Through him I met Henry Ciesluk, prosecuting attorney in the special tribunal for war criminals. He beamed in greeting me and told me that he had five brothers in Detroit working for Ford. He was full of hair-raising tales of Gestapo spies and of people who helped torture or murder prisoners. "They all claim that the Gestapo threatened them with death or jail, but this is no excuse for treason to one's country." Trials of such criminals were proceeding in three different cities of the liberated area; they were considered a safety valve lest an outraged populace take punishment into its own hands. The judges were nominated by the "justice resort" from lawyers of at least two years' practice; their appointment was confirmed by the presidium of the Rada. Each judge had two citizen assistants, chosen from teachers, trade-unionists, and other responsible persons to fill a function similar to that of a jury.

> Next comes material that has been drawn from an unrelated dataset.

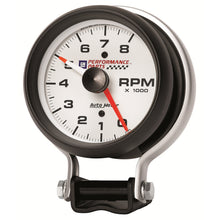 Load image into Gallery viewer, AutoMeter 5780-00406 GAUGE, TACHOMETER, 3 3/4", 8K RPM, PEDESTAL W/ RED LINE, CHEVY RED BOWTIE, WHITE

"The first jury trials ever held in Lublin," gloried Ciesluk, explaining that tsarist Russia, to which Lublin once belonged, had no juries and that under the Polish republic Lublin was not a judicial center.

One man brought to trial, a former soldier of the Polish Army named Misselski, had been in charge of the center at No. 6 Krokhmalnaia Street, where Poles from the rural district were collected to be sent to Germany as slaves. There was testimony that Misselski raped girls there and kept them for several weeks for himself before sending them through to Germany. It was also proved that he withheld from the prisoners the food sent to them by a committee of Lublin workers. No young man dared bring this food lest he also be seized. Old women carried it; Misselski beat them, kicked them out, and threw the food on the ground. During the trial Misselski was recognized by six people in the courtroom who came to the stand to add their testimony.

"He's been executed. I myself attended," finished Ciesluk.

Helene Daczko, another of his cases, would have been unbelievable in the most bloodcurdling horror story. She took the stand, with dark chestnut hair freshly waved, challenging the court with her sex. It was shown that as a Gestapo agent she had betrayed her stepmother and half brother to death, reporting that they took food to the partisans in the woods. Helene's own father asked for the death sentence on her.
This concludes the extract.